Drivetrain change... how often and to what?

accountdeleted
accountdeleted Posts: 29
edited February 4 in Commuting general

Hello fellow commuters.

How often do you change your chain, chainring, cassette and what do you replace with (OEM or cheap alternative) on a commuter?

My commuter is Triban RC500 with factory:

  • Sora chainring (50, 34)
  • Microshift 9 speed cassette (11, 13, 15, 17, 19, 21, 24, 28, 32).
  • KMC X9 chain.

I've done just over 3,200miles in 2023, all commuting miles. It's had one chain change (approx. 1,600miles) at 0.75 stretch and I'm due for another one as the indicator is almost falling at 0.75. 52t chainring is showing mild sharkfin. I couldn't spot any sign of wear on the cassette (hard to see).

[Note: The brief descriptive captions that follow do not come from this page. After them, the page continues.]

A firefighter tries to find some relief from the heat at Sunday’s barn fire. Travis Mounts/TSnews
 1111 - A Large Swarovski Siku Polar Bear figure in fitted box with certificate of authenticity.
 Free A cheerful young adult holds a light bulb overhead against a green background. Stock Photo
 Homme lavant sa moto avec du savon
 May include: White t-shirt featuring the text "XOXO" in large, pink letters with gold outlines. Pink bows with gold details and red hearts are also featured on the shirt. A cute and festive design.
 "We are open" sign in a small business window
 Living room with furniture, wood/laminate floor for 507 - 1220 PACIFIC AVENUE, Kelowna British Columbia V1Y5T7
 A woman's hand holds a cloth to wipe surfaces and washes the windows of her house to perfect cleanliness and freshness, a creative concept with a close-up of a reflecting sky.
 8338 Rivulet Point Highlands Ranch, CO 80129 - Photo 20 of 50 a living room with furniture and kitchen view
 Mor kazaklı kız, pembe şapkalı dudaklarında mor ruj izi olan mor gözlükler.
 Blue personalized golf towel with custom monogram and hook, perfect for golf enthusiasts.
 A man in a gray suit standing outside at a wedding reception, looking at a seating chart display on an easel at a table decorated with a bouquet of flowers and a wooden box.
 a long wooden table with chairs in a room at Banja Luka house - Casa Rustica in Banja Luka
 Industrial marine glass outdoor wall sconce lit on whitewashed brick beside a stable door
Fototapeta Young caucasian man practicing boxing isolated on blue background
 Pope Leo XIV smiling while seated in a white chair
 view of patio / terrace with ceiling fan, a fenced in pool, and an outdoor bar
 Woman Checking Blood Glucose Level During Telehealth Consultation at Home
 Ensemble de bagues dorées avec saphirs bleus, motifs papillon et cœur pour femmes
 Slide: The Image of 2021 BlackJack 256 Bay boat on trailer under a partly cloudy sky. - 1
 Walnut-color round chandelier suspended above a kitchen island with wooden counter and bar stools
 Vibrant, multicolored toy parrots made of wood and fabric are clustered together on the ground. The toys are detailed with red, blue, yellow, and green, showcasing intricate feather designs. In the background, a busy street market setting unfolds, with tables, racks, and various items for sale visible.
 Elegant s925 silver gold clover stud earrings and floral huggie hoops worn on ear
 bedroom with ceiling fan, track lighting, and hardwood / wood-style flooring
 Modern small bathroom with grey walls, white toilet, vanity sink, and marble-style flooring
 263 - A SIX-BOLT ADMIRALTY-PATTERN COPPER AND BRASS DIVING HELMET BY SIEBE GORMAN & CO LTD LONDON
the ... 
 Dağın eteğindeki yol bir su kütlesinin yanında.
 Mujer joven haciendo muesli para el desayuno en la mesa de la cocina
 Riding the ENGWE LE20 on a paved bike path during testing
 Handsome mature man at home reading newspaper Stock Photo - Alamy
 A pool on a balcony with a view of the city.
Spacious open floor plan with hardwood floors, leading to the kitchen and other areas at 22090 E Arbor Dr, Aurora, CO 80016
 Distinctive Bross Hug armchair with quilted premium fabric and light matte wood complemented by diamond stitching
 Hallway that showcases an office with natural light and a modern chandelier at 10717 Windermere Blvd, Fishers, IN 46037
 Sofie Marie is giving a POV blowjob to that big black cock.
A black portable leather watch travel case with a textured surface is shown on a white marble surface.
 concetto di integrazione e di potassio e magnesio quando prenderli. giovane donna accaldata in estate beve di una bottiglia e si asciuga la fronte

The internet's general rule seems to be to change drivetrain every third chain change; so it is due for replacement. Cheapest Sora 50t (only, I hardly use 34t) is £30ish on eBay. Cheapest cassette is around £14 on eBay (Microshift 11-28, which I don't mind). So that's around £45.00 + new chain. Not bad, I've got the tools and the skill.

But then I thought, I only use the bike to commute, why not just keep changing the chains at 0.75 stretch until the drive train starts skipping (and then change the chainring and cassette).

For a commuter, is it false economy (and lazy) to just change chains and mash the teeth to ground before the whole drivetrain change?

Do you buy cheap non-branded cheap Chinese drivetrain (can you get cheaper 110BCD 4 bolt chainring?) on commuter?

Comments

  • Mad_Malx
    Mad_Malx Posts: 4,986

    Cassette change approximately every third chain (if there is skipping after chain change) but chainrings much less frequently - more like three time that. Shimano chainring teeth are different shapes around the ring, to help the shifting - are you looking at this and thinking they they are worn?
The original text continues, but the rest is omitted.